Abraham was the father of Isaac, and Isaac the father of Jacob, and Jacob the father of Judah and his brothers, and Judah the father of Perez and Zerah by Tamar, and Perez the father of Hezron, and Hezron the father of Ram, and Ram the father of Amminadab, and Amminadab the father of Nahshon, and Nahshon the father of Salmon, and Salmon the father of Boaz by Rahab, and Boaz the father of Obed by Ruth, and Obed the father of Jesse, and Jesse the father of David the king. And David was the father of Solomon by the wife of Uriah, and Solomon the father of Rehoboam, and Rehoboam the father of Abijah, and Abijah the father of Asaph, and Asaph the father of Jehoshaphat, and Jehoshaphat the father of Joram, and Joram the father of Uzziah, and Uzziah the father of Jotham, and Jotham the father of Ahaz, and Ahaz the father of Hezekiah, and Hezekiah the father of Manasseh, and Manasseh the father of Amos, and Amos the father of Josiah, and Josiah the father of Jechoniah and his brothers, at the time of the deportation to Babylon. And after the deportation to Babylon: Jechoniah was the father of Shealtiel, and Shealtiel the father of Zerubbabel, and Zerubbabel the father of Abiud, and Abiud the father of Eliakim, and Eliakim the father of Azor, and Azor the father of Zadok, and Zadok the father of Achim, and Achim the father of Eliud, and Eliud the father of Eleazar, and Eleazar the father of Matthan, and Matthan the father of Jacob, and Jacob the father of Joseph the husband of Mary, of whom Jesus was born, who is called Christ.
(Matthew 1:2-16 ESV)
Today we read the genealogy of Jesus as recorded by Matthew. The Greek word for “genealogy” here is γένεσις (pronounced: ghen’-es-is) which means “origin”.
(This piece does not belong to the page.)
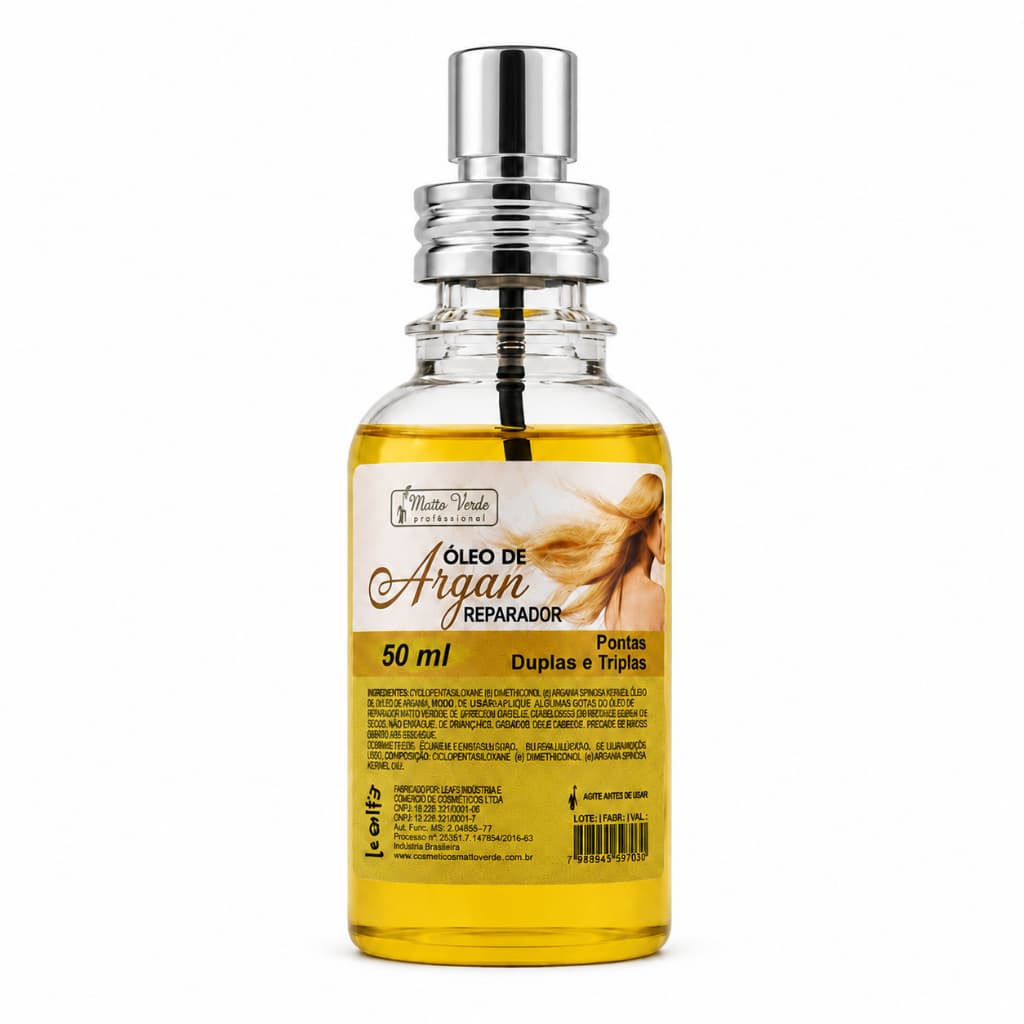 Óleo de Argan Reparador 50ml Matto Verde Anti Frizz Pontas Duplas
This genealogy is very interesting for a few reasons. First, all the people in this list are real. They are human. Hence, Jesus was human. He has His origins in humanity. Interestingly, in a couple of days we’ll read that Jesus has a second γένεσις (origin) that is not human but is divine. Jesus was both man and God.
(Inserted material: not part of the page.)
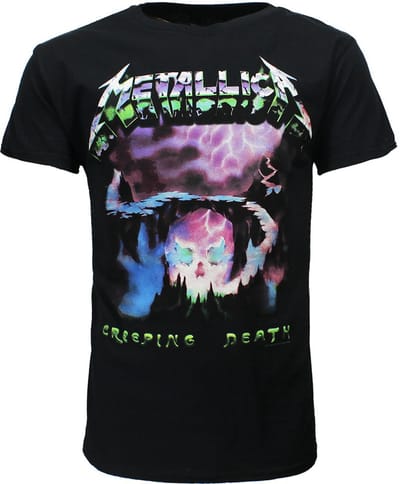 Metallica Creeping Death T-Shirt - Officiële Merchandise - M
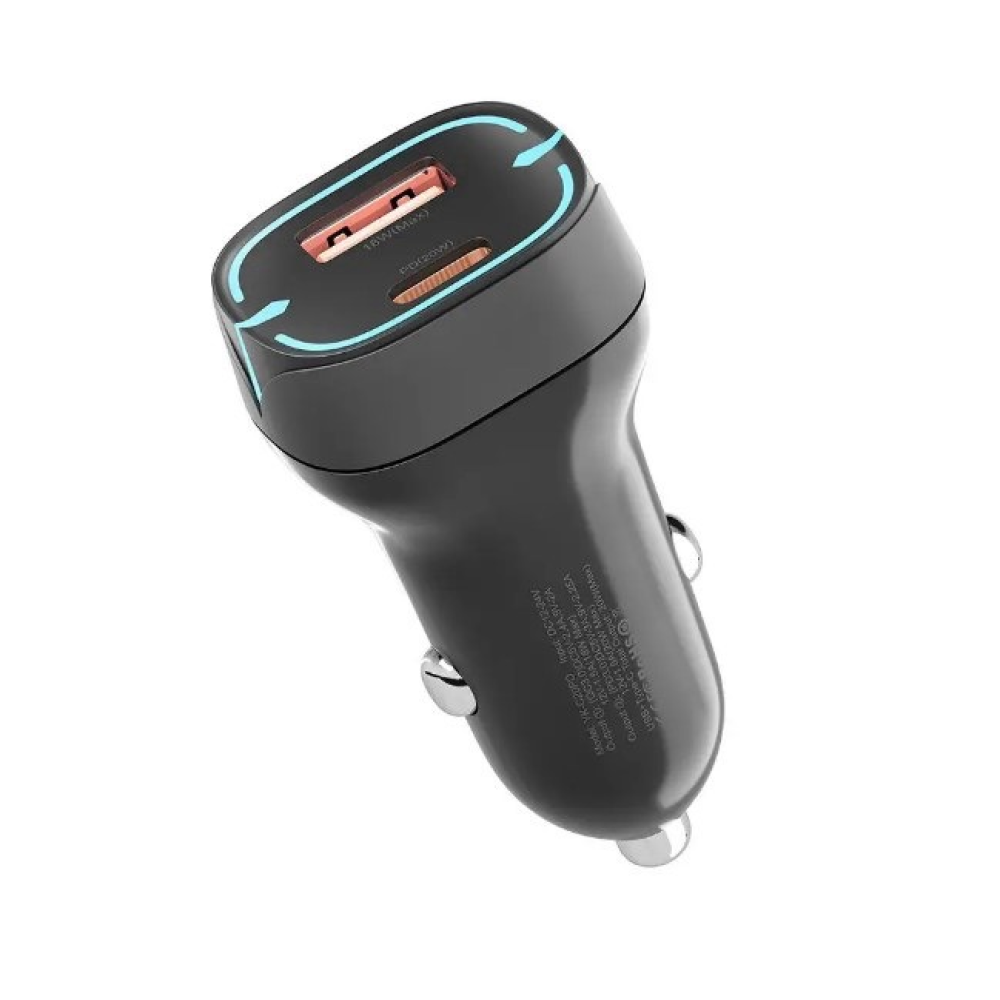 Автомобильное зарядное устройство Yoki Led Series YK-C20 PD/QC 20W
Notice also that Jesus’ ancestors are all sinners. David, while being a good king, was a seducer, an adulterer, and a murder. Solomon had a sex addiction. Rehoboam was a tyrant. There’s not one person in this list whose hands are clean. Jesus descended from sinners, just like all of us.
Surprisingly Matthew’s genealogy also includes four women: Tamar, Rahab, Ruth, and Bathsheba (not named, but referred to as the wife of Uriah). It would have been very unusual for a Jewish genealogy to include women. Even more unusual is the fact that three of these women – Tamar, Rahab, and Ruth – were Gentiles. Matthew seems to be telling us that no one is outside of God’s plan. Although women and Gentiles were looked down upon in this culture, God did not look down upon them. He used them to bring Jesus into the world.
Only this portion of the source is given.